October 22: Conrad Johnson, thirty-five – the final victim – killed in Aspen Hill, Maryland.
Arrest and Trial
Early in the morning of October 24, their dark blue 1990 Chevy Caprice, which had been widely publicized on the news, was spotted at a rest-stop parking-lot off I-70 in Maryland. Within the hour, law enforcement swarmed the scene, setting up a perimeter to check out any movements and make sure there was no way to escape. They found both of the killers asleep inside the car.
What the F.B.I. and other police forces found in the car was both revealing and shocking. The car had a hole cut in the trunk near the license plate so that shots could be fired from within the vehicle. The Caprice was, in effect, a rolling sniper’s nest.
Execution
The execution for Muhammad was scheduled for November 10, 2009, and although there was an appeal, it was denied. Muhammad was put to death by lethal injection. He declined to make a final statement.
Malvo pled guilty to six murders in Maryland while being interviewed, and confessed to more in other states while testifying against Muhammad. Malvo was sentenced to six consecutive life terms without the possibility of parole.
Tsutomu Miyazaki
The Little Girl Murderer
(Victims 4+)
Background
Tsutomu Miyazaki was born on August 21, 1962 in Tokyo, Japan. Born prematurely, he had deformed hands which were permanently bent and fused directly to the wrists, necessitating him to move his entire forearm in order to rotate the hand. Due to his deformity, he was not accepted when he attended Itsukaichi Elementary School, and consequently kept to himself. Although he was originally a star student, his grades at Meidai Nakano High School dropped dramatically. He had a class rank of 40 out of 56 and did not receive the customary admission to Meiji University. Instead of studying English and becoming a teacher as he had originally intended, he attended a local junior college, where he studied to become a photo technician.
Murders
In 1988 and 1989 Miyazaki mutilated and killed four girls between the ages of four and seven, sexually molesting their corpses. He drank the blood of one victim and ate a part of her hand. These crimes which, prior to Miyazaki's apprehension and trial, were named, ‘The Little Girl Murders,’ were later known as the Tokyo/Saitama Serial Kidnappings. The murders of the little girls shocked Saitama Prefecture, which had few crimes against children. During the day, Miyazaki was a mild-mannered employee; outside of work he randomly selected children to kill. He terrorized the families of his victims, sending them letters which recounted, in graphic detail, what he had done to their children. To the family of victim Erika Nanba, Miyazaki sent a morbid postcard assembled using words cut out of magazines: 'Erika. Cold. Cough. Throat. Rest. Death.' He allowed the corpse of his first victim, Mari Konno, age four, to decompose in the hills near his home, then he chopped off her hands and feet, which he kept in his closet, and were recovered upon his arrest. He burnt her remaining bones in his furnace, ground them into powder, and sent them to her family in a box along with several of her teeth, photos of her clothes, and a postcard reading: 'Mari. Cremated. Bones. Investigate. Prove.'
Police found that the families of the victims had something else in common: all were bothered by silent, annoying phone calls. If they did not pick up the phone, it would sometimes ring for twenty minutes.
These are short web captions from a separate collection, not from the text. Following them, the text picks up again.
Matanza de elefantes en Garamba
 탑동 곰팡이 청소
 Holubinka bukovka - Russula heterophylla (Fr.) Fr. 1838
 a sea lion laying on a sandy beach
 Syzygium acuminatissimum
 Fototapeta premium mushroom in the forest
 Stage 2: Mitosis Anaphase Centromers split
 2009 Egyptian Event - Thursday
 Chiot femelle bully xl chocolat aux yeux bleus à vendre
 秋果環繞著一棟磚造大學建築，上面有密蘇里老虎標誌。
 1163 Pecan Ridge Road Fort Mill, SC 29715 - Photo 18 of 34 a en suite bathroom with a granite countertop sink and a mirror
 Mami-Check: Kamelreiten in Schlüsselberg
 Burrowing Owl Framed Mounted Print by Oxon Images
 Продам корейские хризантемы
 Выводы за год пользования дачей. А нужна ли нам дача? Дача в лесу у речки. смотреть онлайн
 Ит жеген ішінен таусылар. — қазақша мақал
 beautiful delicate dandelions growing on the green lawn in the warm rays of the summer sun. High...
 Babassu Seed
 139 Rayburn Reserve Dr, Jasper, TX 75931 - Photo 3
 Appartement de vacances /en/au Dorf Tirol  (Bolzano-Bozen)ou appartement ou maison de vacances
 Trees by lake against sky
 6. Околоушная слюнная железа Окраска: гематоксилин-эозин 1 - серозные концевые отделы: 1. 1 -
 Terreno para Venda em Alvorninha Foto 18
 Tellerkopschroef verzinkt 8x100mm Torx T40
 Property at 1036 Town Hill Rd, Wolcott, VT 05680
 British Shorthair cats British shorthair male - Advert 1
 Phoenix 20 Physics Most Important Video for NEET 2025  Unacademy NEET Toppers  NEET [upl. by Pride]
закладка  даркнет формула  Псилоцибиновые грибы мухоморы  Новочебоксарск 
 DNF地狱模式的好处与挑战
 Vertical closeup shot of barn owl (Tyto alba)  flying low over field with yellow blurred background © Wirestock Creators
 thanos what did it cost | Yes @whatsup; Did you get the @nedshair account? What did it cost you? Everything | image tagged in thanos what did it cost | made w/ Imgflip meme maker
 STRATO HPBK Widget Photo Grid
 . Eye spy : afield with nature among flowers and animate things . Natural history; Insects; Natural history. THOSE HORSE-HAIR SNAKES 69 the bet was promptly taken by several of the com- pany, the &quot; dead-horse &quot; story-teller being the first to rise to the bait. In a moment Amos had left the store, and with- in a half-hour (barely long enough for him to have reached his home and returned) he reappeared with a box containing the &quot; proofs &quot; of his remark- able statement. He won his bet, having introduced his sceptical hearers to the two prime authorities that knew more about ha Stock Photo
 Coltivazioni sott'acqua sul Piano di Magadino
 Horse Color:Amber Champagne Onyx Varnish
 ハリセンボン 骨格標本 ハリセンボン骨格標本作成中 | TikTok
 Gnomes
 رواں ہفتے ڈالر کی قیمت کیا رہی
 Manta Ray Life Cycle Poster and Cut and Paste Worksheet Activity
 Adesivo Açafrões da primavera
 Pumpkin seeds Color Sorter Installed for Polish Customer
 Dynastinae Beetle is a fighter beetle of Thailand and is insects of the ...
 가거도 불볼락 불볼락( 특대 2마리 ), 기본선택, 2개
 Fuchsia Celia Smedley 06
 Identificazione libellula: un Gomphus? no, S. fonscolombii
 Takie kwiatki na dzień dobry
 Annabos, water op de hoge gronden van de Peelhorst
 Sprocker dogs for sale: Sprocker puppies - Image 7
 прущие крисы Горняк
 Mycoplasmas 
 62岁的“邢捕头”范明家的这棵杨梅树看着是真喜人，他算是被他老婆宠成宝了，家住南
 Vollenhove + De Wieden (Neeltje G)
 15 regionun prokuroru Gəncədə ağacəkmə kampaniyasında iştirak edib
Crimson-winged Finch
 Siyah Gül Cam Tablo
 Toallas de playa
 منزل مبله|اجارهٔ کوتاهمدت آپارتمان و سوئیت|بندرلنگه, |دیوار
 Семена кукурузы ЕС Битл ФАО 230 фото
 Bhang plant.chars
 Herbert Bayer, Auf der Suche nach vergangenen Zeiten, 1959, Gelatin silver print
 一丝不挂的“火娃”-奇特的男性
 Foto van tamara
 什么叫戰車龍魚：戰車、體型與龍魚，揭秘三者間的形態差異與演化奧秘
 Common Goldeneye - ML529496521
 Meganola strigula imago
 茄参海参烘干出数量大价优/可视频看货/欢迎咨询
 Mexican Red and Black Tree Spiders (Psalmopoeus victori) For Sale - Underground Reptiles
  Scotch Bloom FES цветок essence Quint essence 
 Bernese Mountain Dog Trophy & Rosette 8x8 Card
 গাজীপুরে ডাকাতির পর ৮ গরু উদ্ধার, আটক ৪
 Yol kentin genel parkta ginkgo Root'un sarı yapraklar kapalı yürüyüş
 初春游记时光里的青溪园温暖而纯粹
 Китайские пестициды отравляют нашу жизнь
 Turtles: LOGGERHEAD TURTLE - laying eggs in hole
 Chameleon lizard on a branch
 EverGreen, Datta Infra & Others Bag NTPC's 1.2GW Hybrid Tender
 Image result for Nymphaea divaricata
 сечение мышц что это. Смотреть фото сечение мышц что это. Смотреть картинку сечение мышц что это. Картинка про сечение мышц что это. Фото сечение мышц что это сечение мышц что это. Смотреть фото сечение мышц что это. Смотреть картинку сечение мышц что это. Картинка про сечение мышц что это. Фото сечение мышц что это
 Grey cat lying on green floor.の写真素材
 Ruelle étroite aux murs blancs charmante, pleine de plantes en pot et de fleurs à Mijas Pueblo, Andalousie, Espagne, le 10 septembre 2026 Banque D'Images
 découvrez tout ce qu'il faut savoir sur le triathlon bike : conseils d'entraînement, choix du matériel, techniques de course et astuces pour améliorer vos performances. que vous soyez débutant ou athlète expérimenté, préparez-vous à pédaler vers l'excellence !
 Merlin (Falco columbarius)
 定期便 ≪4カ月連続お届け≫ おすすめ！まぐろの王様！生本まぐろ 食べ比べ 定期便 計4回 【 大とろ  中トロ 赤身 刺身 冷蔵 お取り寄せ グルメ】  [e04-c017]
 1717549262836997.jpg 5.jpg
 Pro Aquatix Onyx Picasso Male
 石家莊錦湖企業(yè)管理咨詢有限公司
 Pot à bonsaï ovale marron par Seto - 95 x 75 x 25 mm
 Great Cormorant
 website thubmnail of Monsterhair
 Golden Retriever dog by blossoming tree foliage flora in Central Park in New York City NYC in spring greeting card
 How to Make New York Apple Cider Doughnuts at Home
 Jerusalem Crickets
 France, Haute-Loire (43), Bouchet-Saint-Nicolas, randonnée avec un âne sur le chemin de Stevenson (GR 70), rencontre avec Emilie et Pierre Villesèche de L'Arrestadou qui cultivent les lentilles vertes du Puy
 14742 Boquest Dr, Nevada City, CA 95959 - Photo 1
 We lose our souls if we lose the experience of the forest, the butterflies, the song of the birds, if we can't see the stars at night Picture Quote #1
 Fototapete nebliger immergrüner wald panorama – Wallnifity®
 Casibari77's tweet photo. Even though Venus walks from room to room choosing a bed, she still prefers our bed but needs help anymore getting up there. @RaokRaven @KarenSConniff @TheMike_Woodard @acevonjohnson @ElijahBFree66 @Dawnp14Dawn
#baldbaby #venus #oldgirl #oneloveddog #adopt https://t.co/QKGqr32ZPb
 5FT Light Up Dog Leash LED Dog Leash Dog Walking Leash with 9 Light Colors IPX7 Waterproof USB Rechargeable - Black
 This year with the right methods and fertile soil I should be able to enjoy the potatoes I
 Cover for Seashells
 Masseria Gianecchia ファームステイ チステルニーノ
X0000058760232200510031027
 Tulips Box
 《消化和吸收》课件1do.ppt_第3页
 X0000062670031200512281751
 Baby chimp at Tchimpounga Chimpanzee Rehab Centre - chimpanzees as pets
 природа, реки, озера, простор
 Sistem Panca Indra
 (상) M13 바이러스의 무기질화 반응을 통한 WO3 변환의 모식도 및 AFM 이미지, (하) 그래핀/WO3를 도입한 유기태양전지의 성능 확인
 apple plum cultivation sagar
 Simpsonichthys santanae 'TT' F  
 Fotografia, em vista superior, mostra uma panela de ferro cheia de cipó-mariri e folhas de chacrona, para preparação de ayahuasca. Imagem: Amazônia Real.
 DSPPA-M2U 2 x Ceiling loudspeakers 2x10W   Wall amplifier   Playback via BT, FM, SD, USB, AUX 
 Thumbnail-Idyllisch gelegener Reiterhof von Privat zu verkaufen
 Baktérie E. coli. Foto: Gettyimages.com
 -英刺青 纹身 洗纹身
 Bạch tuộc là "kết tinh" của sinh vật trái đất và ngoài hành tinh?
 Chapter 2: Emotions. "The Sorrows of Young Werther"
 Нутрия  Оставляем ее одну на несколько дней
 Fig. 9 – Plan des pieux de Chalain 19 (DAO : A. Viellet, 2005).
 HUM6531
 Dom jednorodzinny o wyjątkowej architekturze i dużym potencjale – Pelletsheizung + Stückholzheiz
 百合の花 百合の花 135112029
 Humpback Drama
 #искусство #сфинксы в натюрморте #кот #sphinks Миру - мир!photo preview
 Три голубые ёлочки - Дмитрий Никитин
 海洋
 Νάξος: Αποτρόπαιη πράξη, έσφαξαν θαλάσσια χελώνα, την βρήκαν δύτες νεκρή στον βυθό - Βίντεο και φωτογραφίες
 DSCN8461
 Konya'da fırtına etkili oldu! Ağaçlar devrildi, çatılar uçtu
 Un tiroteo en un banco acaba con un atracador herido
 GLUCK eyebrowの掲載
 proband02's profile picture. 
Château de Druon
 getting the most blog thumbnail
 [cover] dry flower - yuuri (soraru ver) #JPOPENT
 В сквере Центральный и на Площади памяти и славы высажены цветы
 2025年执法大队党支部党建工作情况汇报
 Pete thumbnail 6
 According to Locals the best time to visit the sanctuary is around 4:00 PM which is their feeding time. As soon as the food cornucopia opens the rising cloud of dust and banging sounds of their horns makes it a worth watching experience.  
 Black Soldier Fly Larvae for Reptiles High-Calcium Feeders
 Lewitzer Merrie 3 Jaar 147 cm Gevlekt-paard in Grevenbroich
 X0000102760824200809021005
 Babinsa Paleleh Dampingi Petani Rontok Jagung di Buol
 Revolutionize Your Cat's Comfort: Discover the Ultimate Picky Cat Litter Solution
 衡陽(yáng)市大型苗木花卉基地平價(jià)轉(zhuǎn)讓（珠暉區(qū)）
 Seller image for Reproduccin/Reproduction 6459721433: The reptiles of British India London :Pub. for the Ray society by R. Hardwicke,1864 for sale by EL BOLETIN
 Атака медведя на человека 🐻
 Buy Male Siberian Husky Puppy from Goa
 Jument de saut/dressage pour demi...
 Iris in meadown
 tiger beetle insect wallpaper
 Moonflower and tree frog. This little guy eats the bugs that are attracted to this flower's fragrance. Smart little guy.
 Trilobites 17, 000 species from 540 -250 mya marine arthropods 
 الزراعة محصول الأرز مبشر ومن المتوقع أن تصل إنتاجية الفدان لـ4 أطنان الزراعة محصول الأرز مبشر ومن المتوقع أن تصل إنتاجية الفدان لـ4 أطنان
On July 23, 1989, Miyazaki attempted to insert a zoom lens into the vagina of a grade school-aged girl in a park near her home and was attacked by the girl's grandfather. After fleeing naked on foot, Miyazaki eventually returned to the park to retrieve his car, at which point he was promptly arrested by police who had responded to a call by the grandfather.
Arrest
A search of Miyazaki's two-room bungalow turned up a collection of 5,763 videotapes, some containing Slasher films, later used as reasoning for his crimes.
Among the tapes police found footage and pictures of his victims. He was also reported to be a fan of horror films, having an extensive collection, including the fourth film of the Guinea Pig film series (Mermaid in a Manhole). Miyazaki, who retained a perpetually calm and collected demeanor during his trial, appeared indifferent to his capture.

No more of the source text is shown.